Some people say, “If I’ve said it once, I’ve said it a thousand times.”

I’m going with: “If I’ve said it once, I'll shut the fuck up.”

Also bringing back the old standby “Stop me if you’ve heard this one...” Except now, I really mean it. Please do stop me. I don’t want to be that guy.

Who this is for

Yes, this is for me. For my peace of mind. For my presence. To break the pattern of rehashing everything and actually live in the moment I’m in.

But it’s also for the people I care about.
Because hearing the same complaint, again and again, with slightly different packaging, doesn’t build trust. It erodes it. It makes people feel like nothing is ever enough. Like they’re trapped in your unresolved story.

I don’t want to do that to the people I love.
So this is my way of saying: I respect you enough to let things go, once I’ve said them. And I respect myself enough to stop rehearsing pain.

The exceptions

Two important exceptions:

Kids, first. You don’t get to say something once to a child and expect perfect recall. But even there, I’m trying to treat the first time as the real conversation. After that, I’ll say things like, “Hey! Remember when we talked about this?” That keeps it grounded in the original moment, instead of reopening a fresh wound every time.
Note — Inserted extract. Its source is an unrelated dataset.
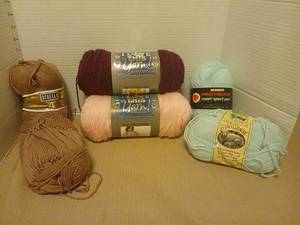 lot 2052 image: Yarn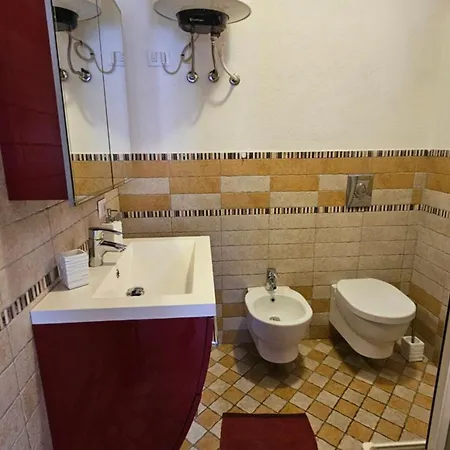 A 50 Mt Dal Mare Casa de Férias Porto San Paolo (Sardinia)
Work, second. Sometimes, you really do have to repeat yourself, especially when you’re advocating for a fix, a policy, or a decision that affects others. But even then, I’m trying to follow the same rhythm: make the case clearly once, then refer back. “As we discussed...” “Just following up...” “Per our last conversation...” That kind of thing.

Of course, every job has those hills you’re willing to fight and die on. But they stand out because I don’t fight every battle that way.

Final thought

This isn’t about being “over it.”
It’s about being through it.
It’s about clarity, presence, and a little bit of mercy—for myself and the people I share my life with.

So that’s where I am.

Say it once.
Say it well.
Say your peace.
And move the hell on.

* Image generated with ChatGPT, but the writing is me, despite the —. I hate that I have to say this.